Summary statistics of numeric variables

You can show summary statistics of numeric variables for the cases in the cells of a table. For example, if you create a table of age by gender using the Museum data set, you can show the total number of previous visits made to the museum by the respondents in each cell by using the Sum cell contents option and the visits variable. Similarly, you can use the Mean cell contents option to show the average number of previous visits made by the respondents in each cell.

In weighted tables, all of the summary statistics apart from the minimum and maximum values are always weighted. If you want to show unweighted summary statistics, you must remove the weighting from the table.

Summary statistics

You can use the following summary statistics for cell contents:

Mean

A measure of central tendency. It is the arithmetic average; the sum divided by the number of cases.

Sum

The sum or total of the values.

Minimum

The smallest value.

Maximum

The largest value.

Range

The difference between the largest and smallest values--the maximum minus the minimum.

Mode

The most frequently occurring value. If several values share the greatest frequency of occurrence, each of them is a mode.

Median

The value above and below which half the cases fall; the 50th percentile. If there is an even number of cases, the median is the average of the two middle cases when they are sorted in ascending or descending order. The median is a measure of central tendency not sensitive to outlying values--unlike the mean, which can be affected by one or more extremely high or low values.

Percentile

A value that divides cases according to values below which certain percentages fall. For example, the 25th percentile is the value below which 25% of cases fall.

Standard deviation

A measure of dispersion around the mean.
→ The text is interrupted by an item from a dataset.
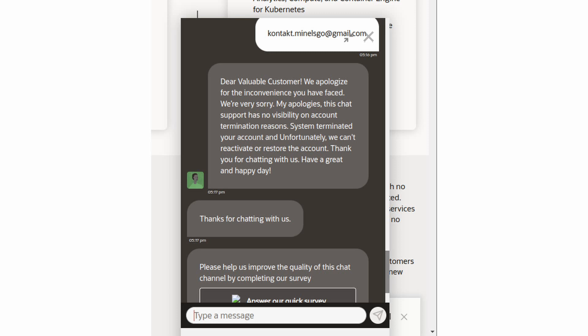They sent me the following answer: 'Dear valuable customer, we apologize for the inconveniences you have faced. We are very sorry. My apologies, this chat support has no visibility on account termination. Resources system terminated your account and unfortunately we can't reactivate or restore your account. Thank you for chatting with us, have a great and happy day.'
In a normal distribution, 68% of cases fall within one standard deviation of the mean and 95% of cases fall within two standard deviations. For example, if the mean age is 45 with a standard deviation of 10, then 95% of the cases would be between 25 and 65 in a normal distribution.

Standard error

A measure of how much the value of the mean varies between samples taken from the same distribution. The standard error of the sample mean can be used to estimate a mean value for the population as a whole. In a normal distribution, 95% of the values of the mean should lie in the range of plus and minus two times the standard error from the mean. Additionally, the standard error can be used to roughly compare the observed mean to a hypothesized value of another mean (that is, you can conclude the two values are different if the ratio of the difference to the standard error is less than -2 or greater than +2).

Variance

This is the sample variance, which is a measure of dispersion around the mean, equal to the sum of squared deviations from the mean divided by one less than the number of cases. The sample variance is measured in units that are the square of those of the variable itself.

Examples

Table showing counts and total and mean number of visits

In the following table, the first figure in each cell is the count, the second is the sum of the visits numeric variable, and the third is the mean value of the visits numeric variable.

When UNICOM Intelligence Reporter calculates counts in a unweighted table, it increments the count in each cell by one each time it finds a case that satisfies the conditions that define the cell. In the preceding table, the count for the Yes cell of the General knowledge and education row has a value of 10 because there were 10 respondents who chose both the Yes category of the biology question and the General knowledge and education category of the expect question, and who pass the filter on the table.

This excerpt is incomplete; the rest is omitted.